AstraZeneca has officially reached agreements to supply 300 million doses to the US and UK and 400 million doses to Germany, France, Italy and the Netherlands. The British drug-maker has also partnered with the Serum Institute of India (SII) to manufacture 400 million vaccines being developed by Oxford University by the end of 2020/early2021.
There are various bodies such as the World Health Organization, Gavi The Vaccine Alliance, Bill and Melinda Gates Foundation, the Coalition for Epidemic Preparedness Innovations (CEPI) and others that are working to ensure the fair and equitable distribution of Covid-19 vaccines for every country, rich and poor. AstraZeneca have pledged to market vaccines at no profit during the pandemic by making it available globally at cost price which is about 5-7 dollars per dose.
What message would you like to leave our readers with?

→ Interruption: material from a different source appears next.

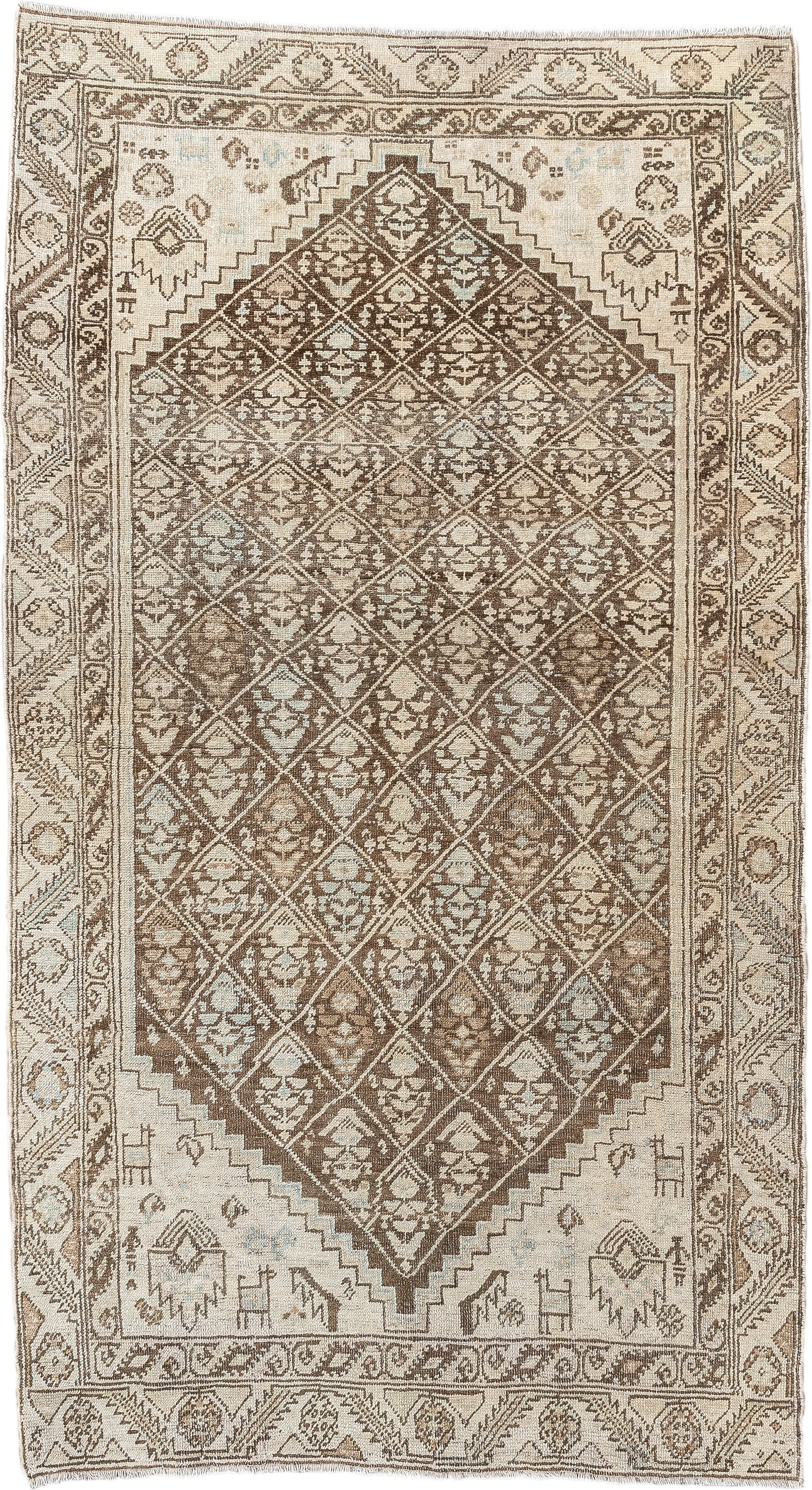 3' x 6' one-of-a-kind handmade antique NW Persian small size rug. Color palette: ivory, taupe, camel, brown, sand, pale blue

I would like to make a humanitarian call to action to the Arab world. It is imperative that we invest in scientific research, particularly in the fields of vaccine development, infectious diseases, immunology and pandemics. It is incredibly unfortunate that the entire Arab world lacks domestic vaccine manufacture facilities. This will greatly delay the vaccines' availability to the region. All the countries I mentioned earlier have not committed to buying the specified number of doses but have struck production licensing agreements with AstraZeneca to manufacture the vaccine in their own facilities as soon as it is approved. No single pharmaceutical company has the capacity to manufacture 7 billion doses of a vaccine in a short space of time. The vaccine supply chain involves not only manufacturing the vaccine contents, but special vials, storage and packaging components etc. This means that Arab countries will be left waiting months extra for other states to produce enough doses to inoculate their citizens and return to normalcy before producing doses which they could then distribute to countries that do not have the manufacturing capabilities.
I hope that as a region we learn some hard lessons from the devastation caused to lives, mental health, social life and the economy by the coronavirus. Developing and advancing in this field of research and building domestic vaccine production capabilities will go a long way in evading, or at the very least minimising, the catastrophic destruction of diseases and pandemics. My dream is that myself and other Arab scientists working in this field will one day establish an important and influential presence in the region, but this requires a unified effort and support, financial or otherwise, from every corner of society including governments and businessmen.
My message to your readers, governments, investors, media professionals, scientists, religious leaders and the public is that it is crucial that we raise public understanding and support for scientific research, the fundamental importance of which cannot be overstated.